Pictures appear among the records below and must be omitted. Repeat exactly the lines from the line with "危地马拉确认此前发现玛雅城市遗址年代" to the line with "Выход из депрессии. Спасение из болота", both included.
START Provided information
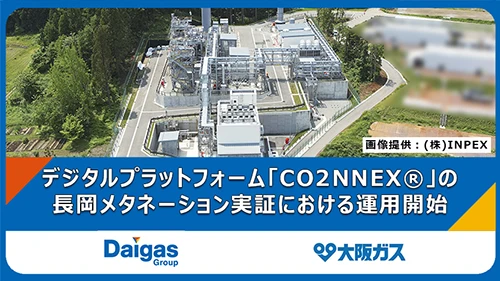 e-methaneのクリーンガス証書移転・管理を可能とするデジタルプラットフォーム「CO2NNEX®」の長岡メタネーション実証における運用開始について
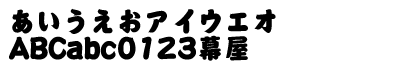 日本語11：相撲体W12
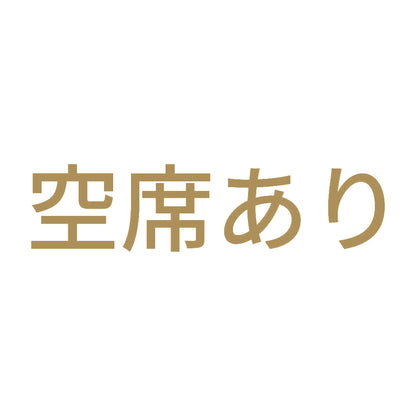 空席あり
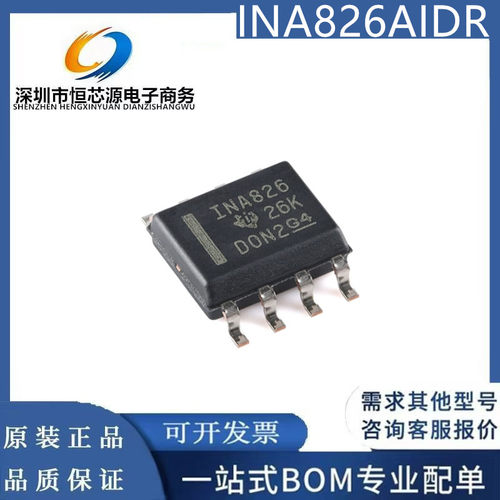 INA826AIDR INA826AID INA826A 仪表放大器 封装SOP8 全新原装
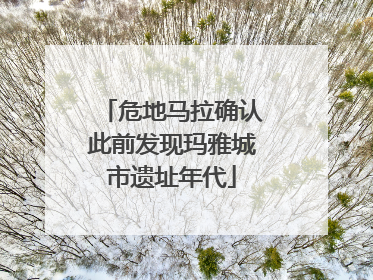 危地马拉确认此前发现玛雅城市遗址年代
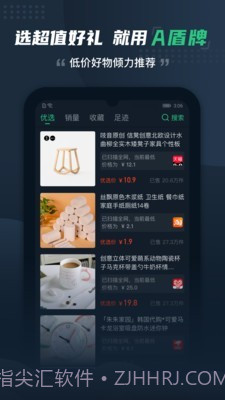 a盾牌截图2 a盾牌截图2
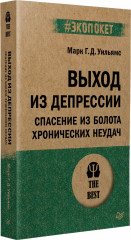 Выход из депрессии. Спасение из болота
END Provided information
START Provided information
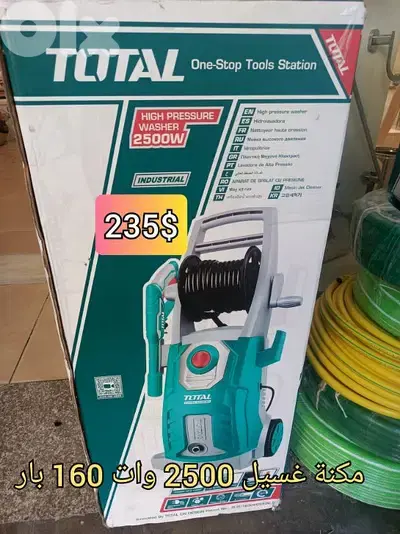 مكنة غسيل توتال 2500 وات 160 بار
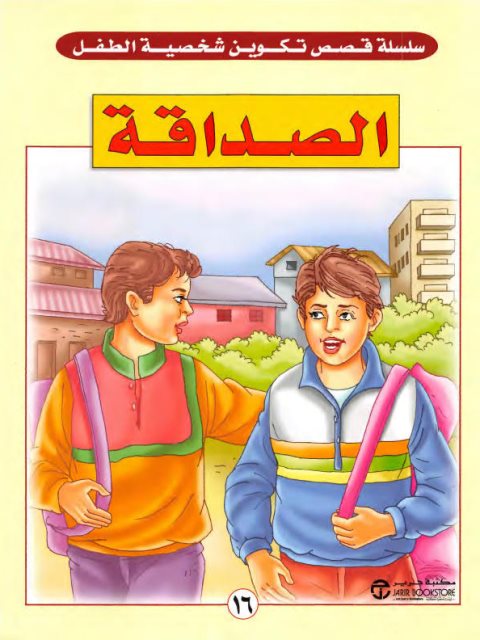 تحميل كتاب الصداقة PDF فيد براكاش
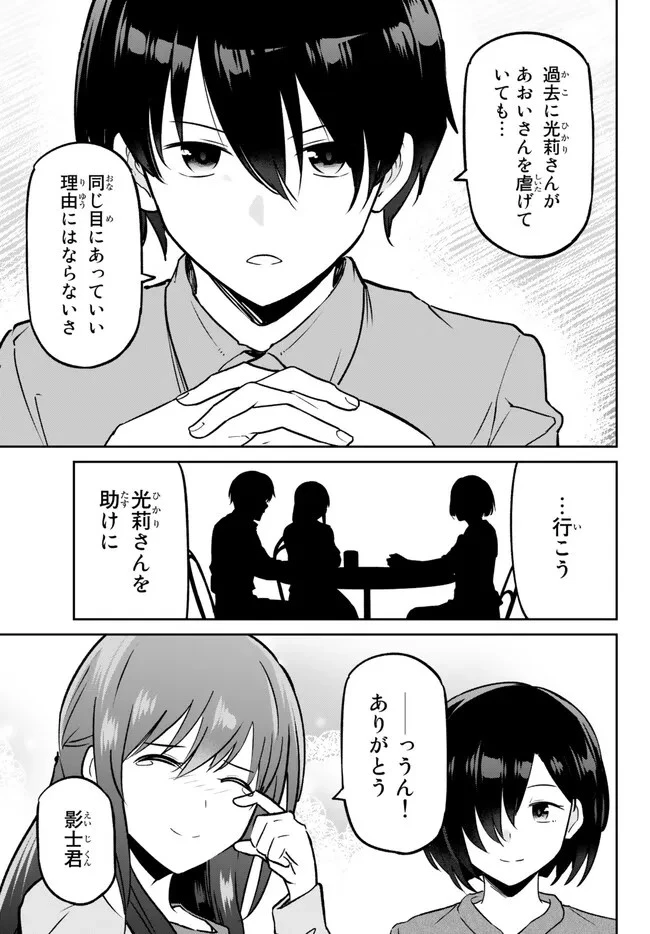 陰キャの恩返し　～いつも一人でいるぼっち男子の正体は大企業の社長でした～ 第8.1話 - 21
END Provided information
START Provided information
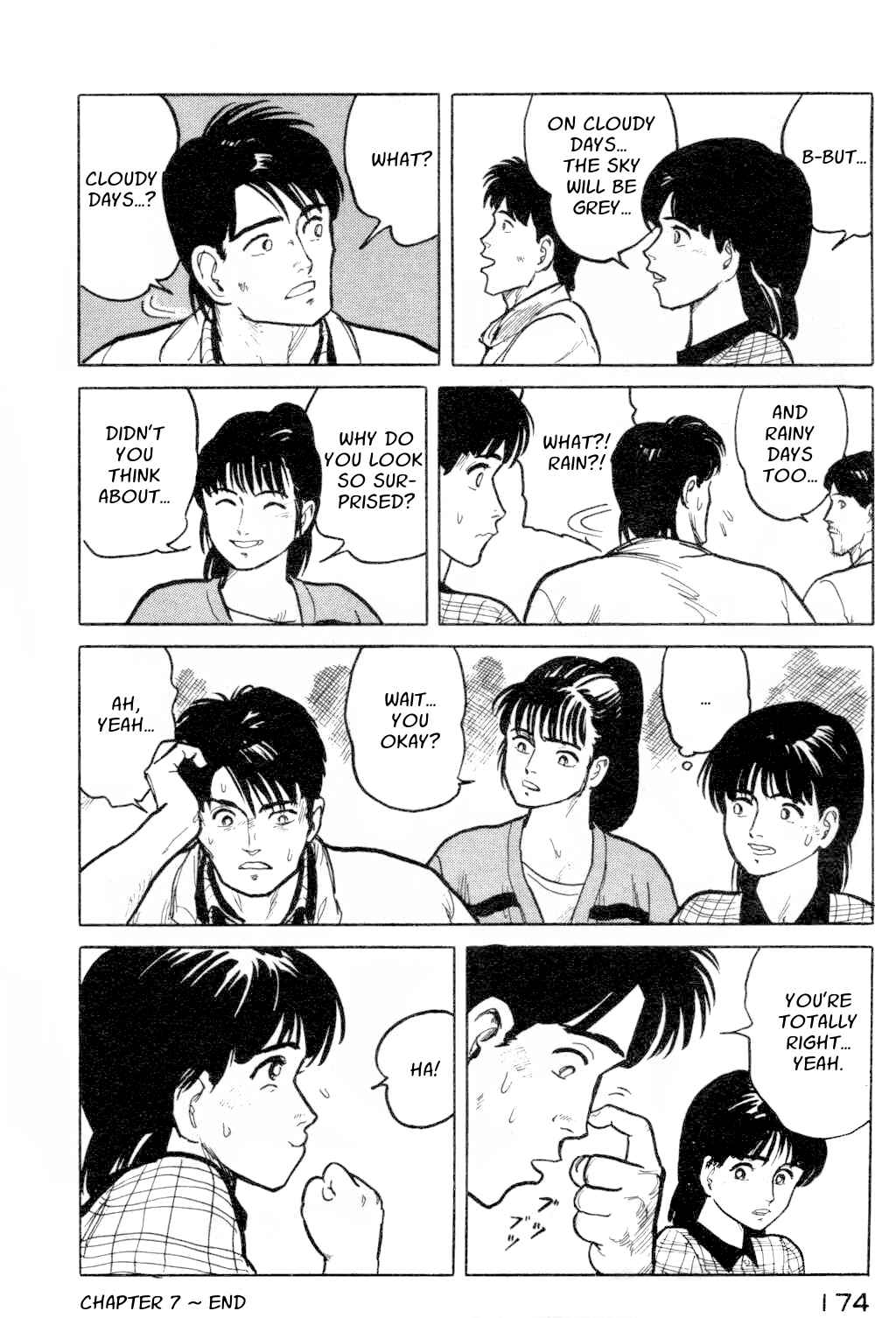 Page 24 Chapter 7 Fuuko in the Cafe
END Provided information
Exercise result =
 危地马拉确认此前发现玛雅城市遗址年代
 a盾牌截图2 a盾牌截图2
 Выход из депрессии. Спасение из болота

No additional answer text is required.